STATEMENT REGARDING FEDERALLY SPONSORED RESEARCH OR DEVELOPMENT

Not applicable.

FIELD OF INVENTION

The present invention relates to a process for removal of nitrogen containing compounds from tobacco with minimum removal of desired compounds such as alkaloids, phosphates and other compounds that contribute to the flavor of the smoking article or decrease formation of undesired compounds in the smoke.

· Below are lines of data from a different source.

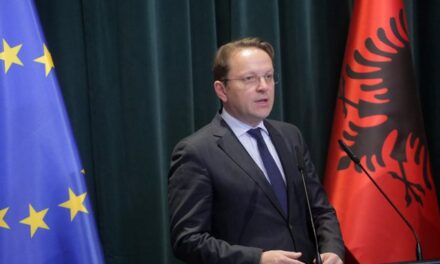 Varhelyi: Nëse nuk bindim Bullgarinë për Maqedoninë, negociata vetëm me Shqipërinë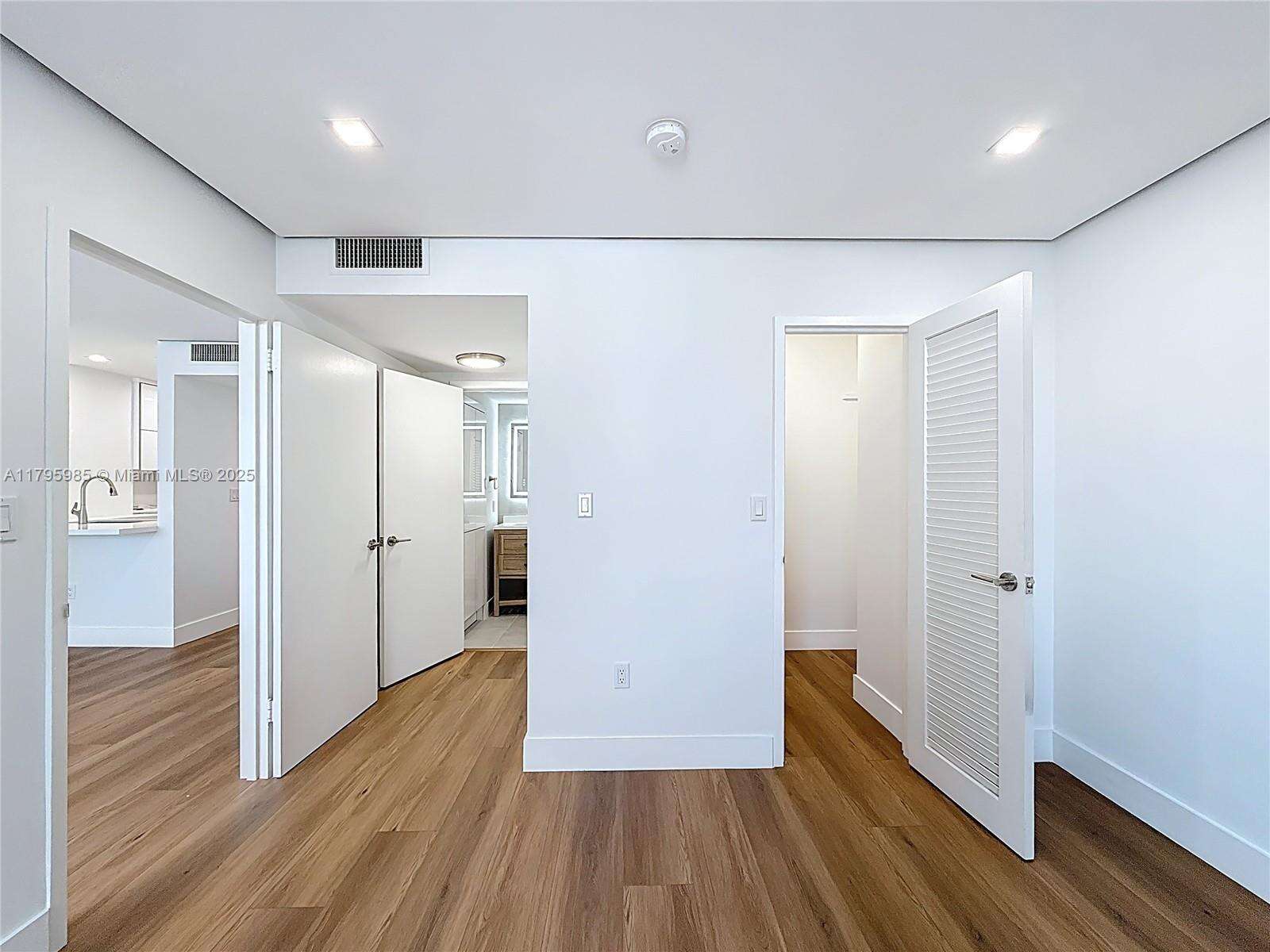 Triton Tower at 2899 Collins Ave, Miami Beach, FL 33140 - For Sale photo 25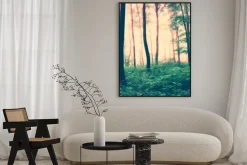 Plakat: Las w sepii z zielonym podszytem i liśćmi drzew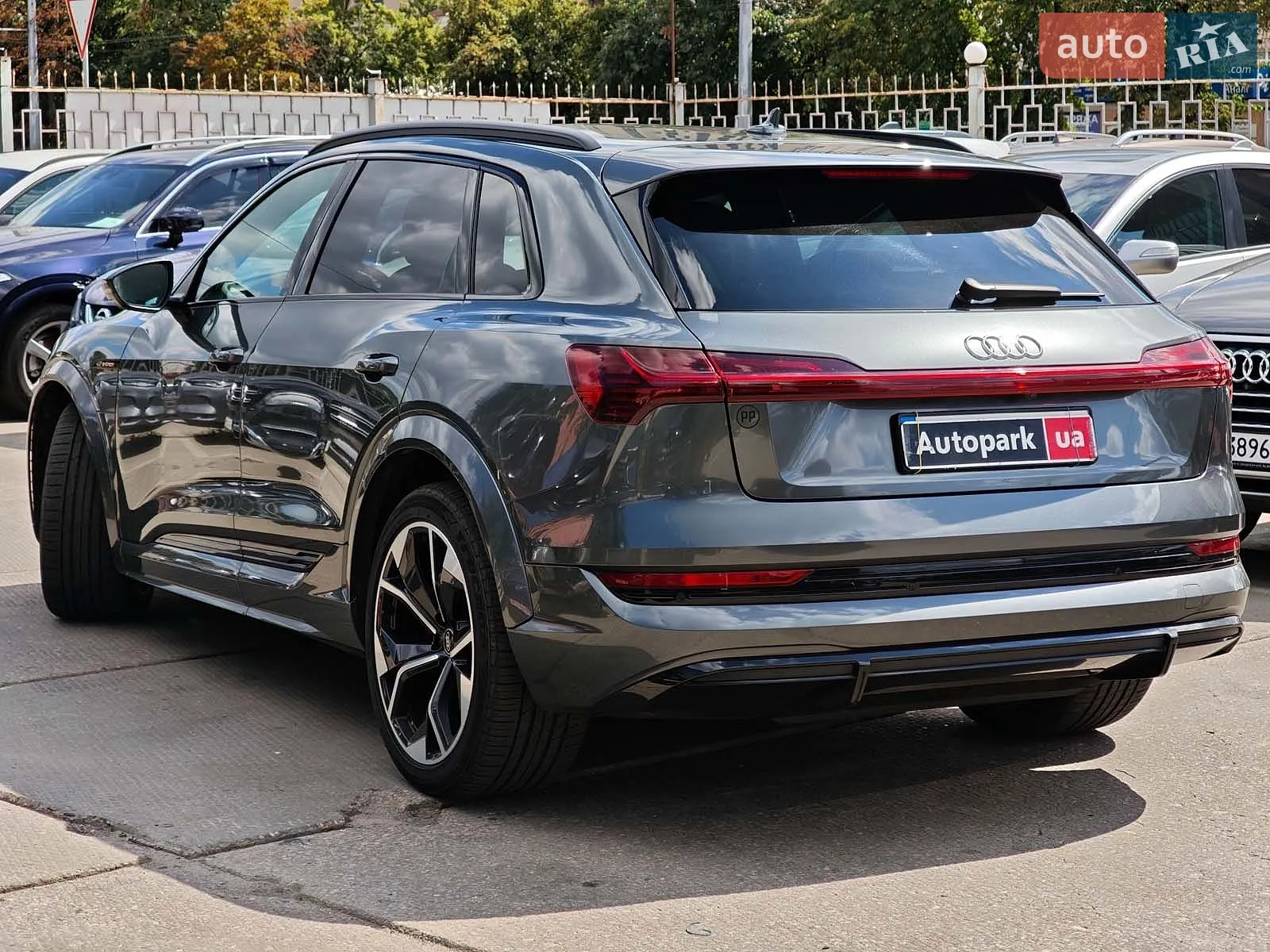 2020 Audi e-tron S - мініатюра 13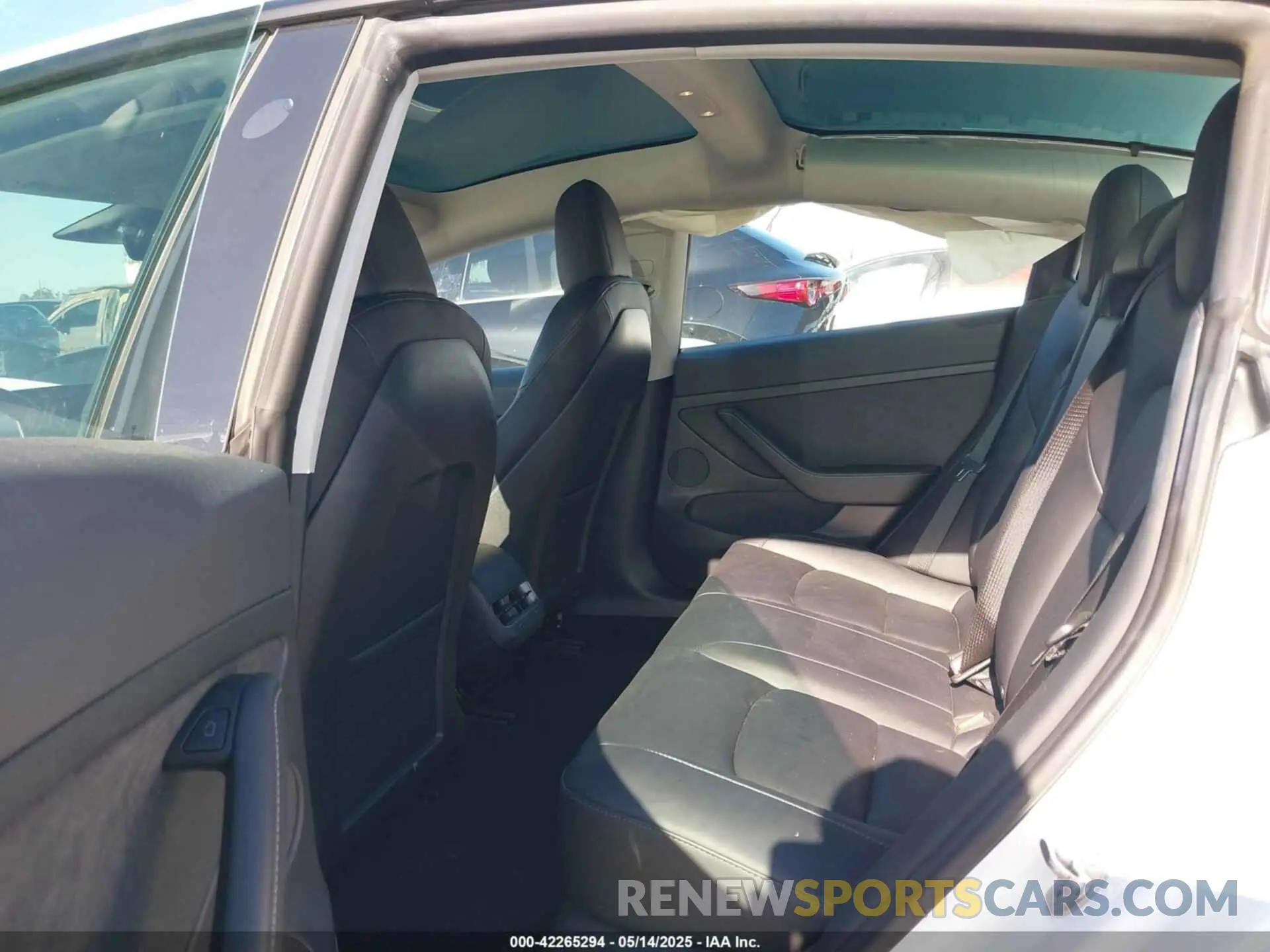 8 Photograph of a damaged car 5YJ3E1EA2PF410378 TESLA MODEL 3 2023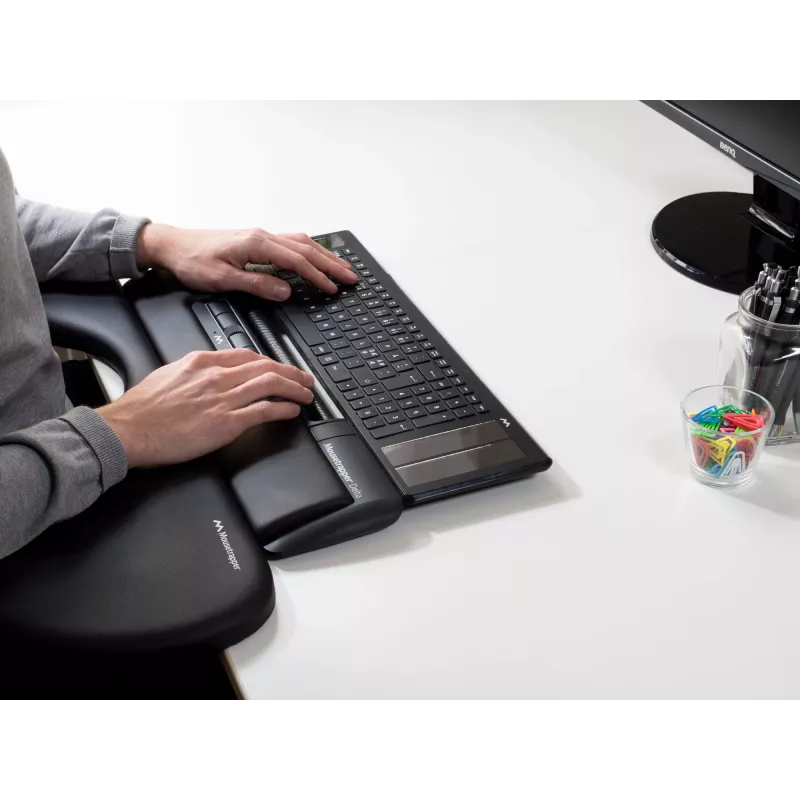 Maustrapper Type Tastatur QWERTY Nordic USB-A + Bluetooth, Full-size (100%), Kabelgebunden & Kabellos, USB + Bluetooth, Schwarz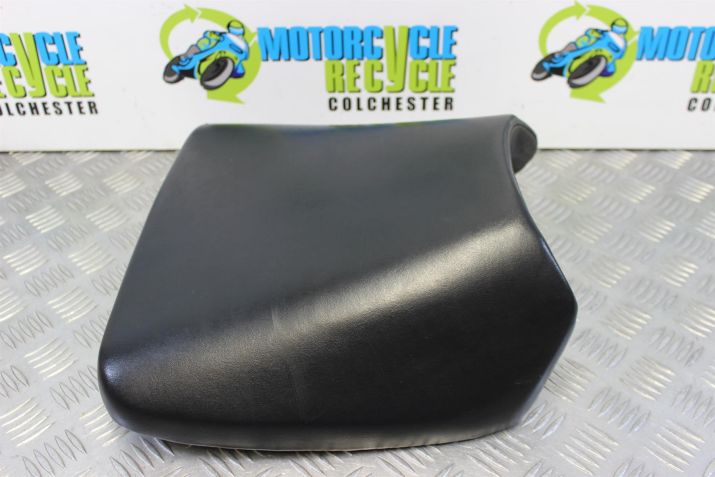 Honda CBR 900 RR Seat Front Riders Fireblade RRW 1998 1999 CBR900 B053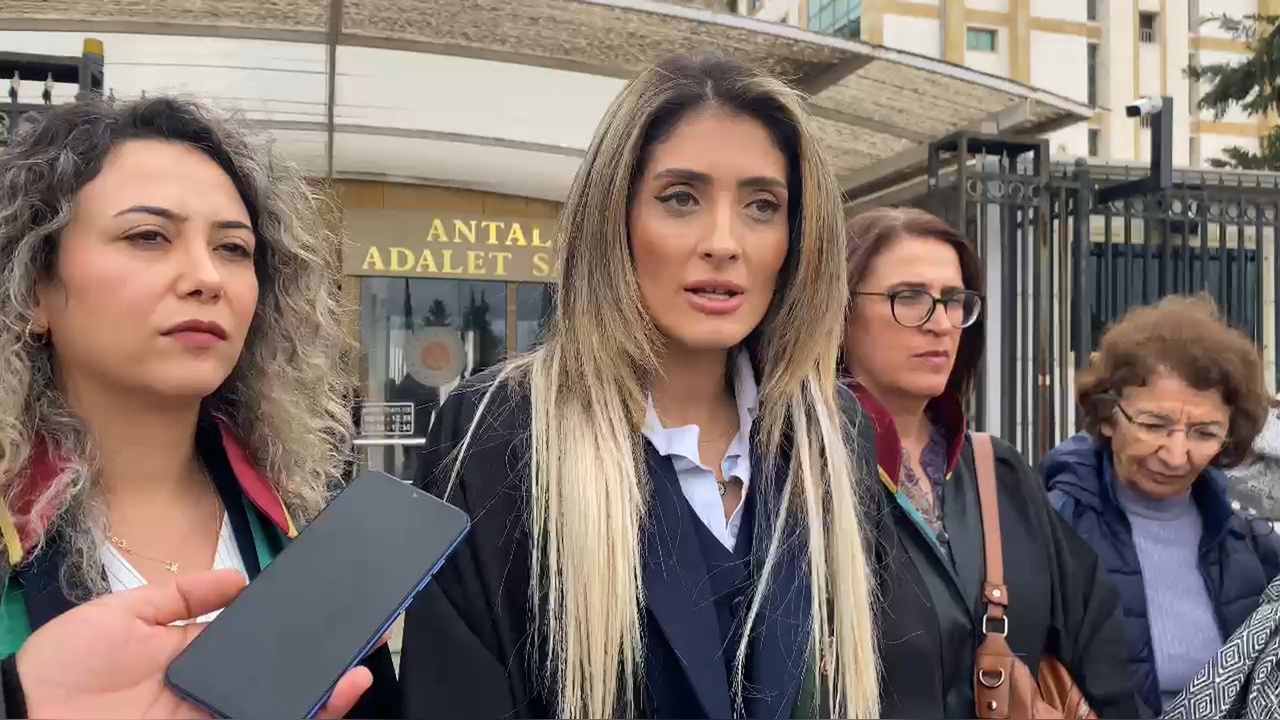 Tiyatro Yönetmeni Hakkında İstismar Davası Açıldı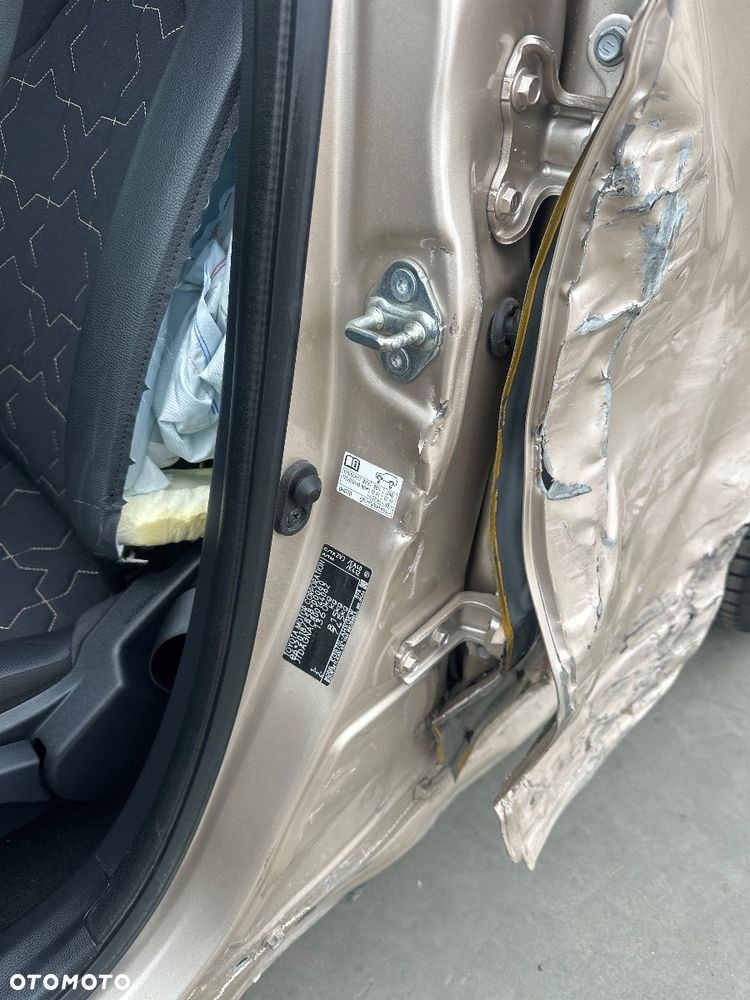 Toyota Aygo X 1.0 VVT-i Selection CVT - 12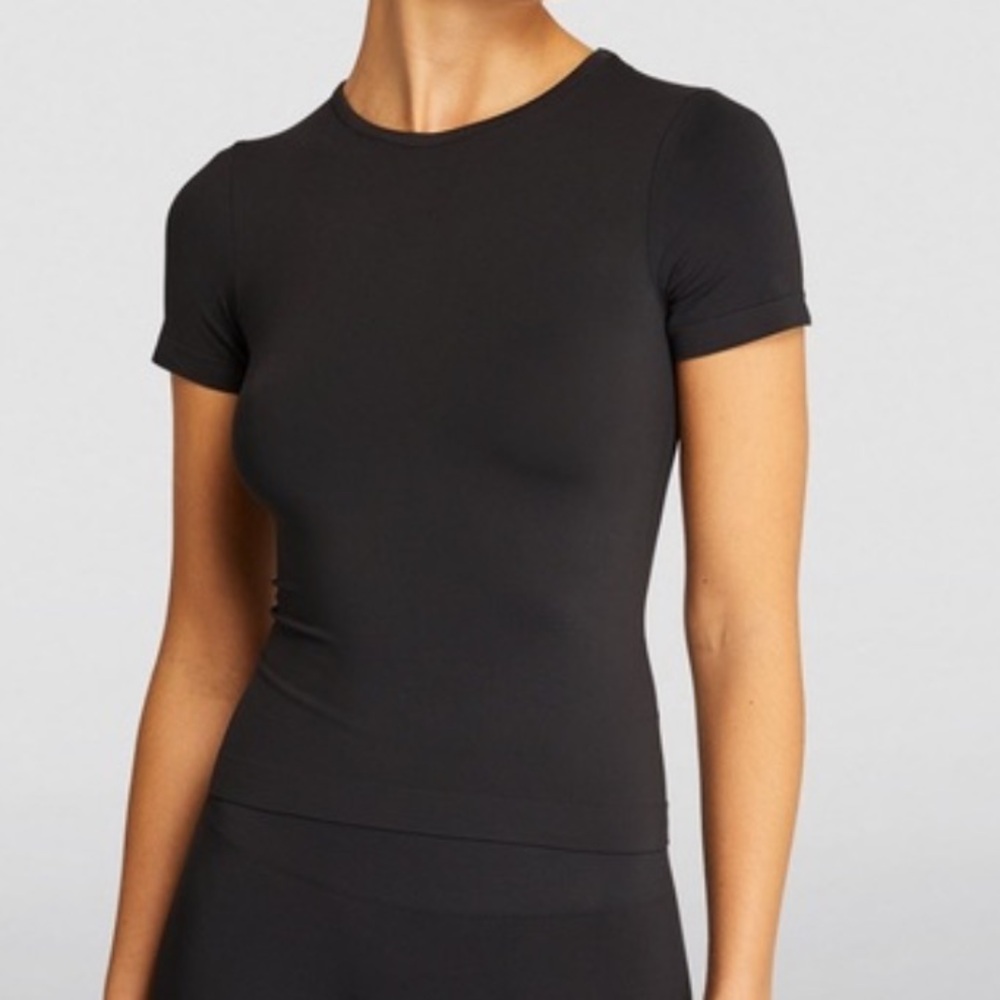 SKIMS *NWT SMOOTHING SEAMLESS T-SHIRT | ECLIPSE | M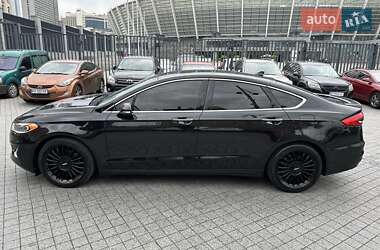 Седан Ford Fusion 2020 в Вараше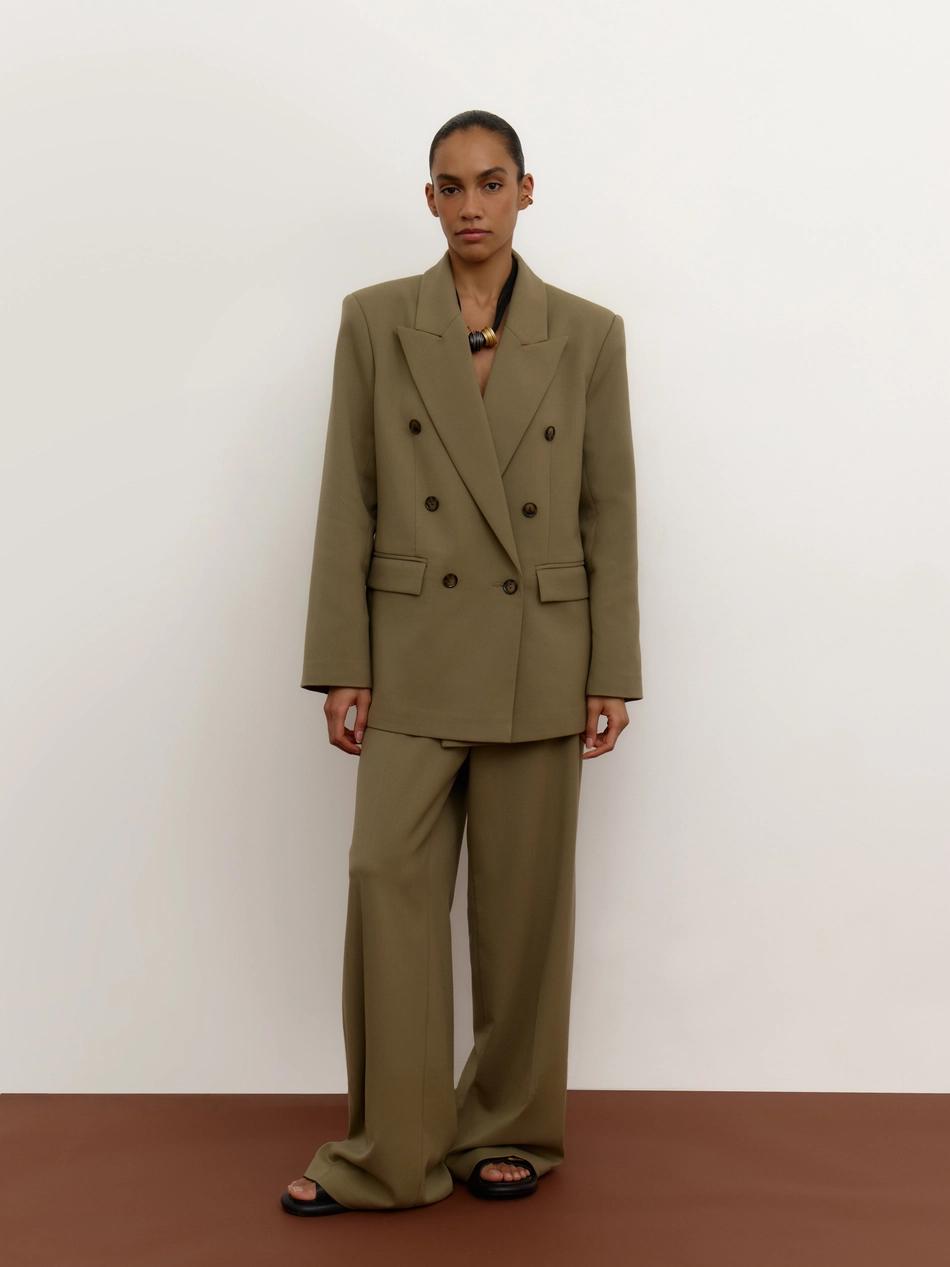 В Mollis очень приличная летняя коллекция вышла. Для деловых, минималистичных, женственных - для всех гардеробов просто находка. Ну какова красота, поглядите: 

Его величество, незаменимый лён. Прочтение жилета намного интереснее, чем у банальной модели на пуговицах. И брюки к нему. 


Костюм жакет и брюки. Цвет очень благородный и статусный. Идеально сыграет с коричневой обувью или плетеной соломенной сумкой. 


Топ на одно плечо роскошный. Ленточку можно оборачивать полностью или выпускать шарфом спереди и сзади. 

Ветровка с цветочной вышивкой. Беру его на заметку, хоть для курток уже и поздновато. У Studio29 подобные цветочные бомберы били все рекорды по популярности. 

Жакет с обьемными рукавами из сатина. Удачная модель, которая отлично будет смотреться и с легкиии летними юбками, и с бермудами из костюмной ткани, и с денимом любой модели. 

Ну и без чего-нибудь желтого эта подборка бы не случилась: жакет с о-образным рукавом, нежный и женственный. 

Все чаще замечаю, что мой вишлист включает изделия именно от этого бренда. Хотя раньше никогда ничего там не покупала.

BRIEF SUMMARY OF THE INVENTION

Selectivity in tobacco component removal is vital for production of cigarettes with good smoke quality. The present invention involves selective component removal from tobacco by extracting components from tobacco by liquid extraction and treating the tobacco extract with adsorbents and then adding back the treated extract to the tobacco. The tobacco may be in the form of washed lamina, fiber, or fiber formed sheets. The adsorbents can be in the form of organic or inorganic solids such as for example β-cyclodextrin, cellulose acetate, and combinations of bentonite and activated carbon.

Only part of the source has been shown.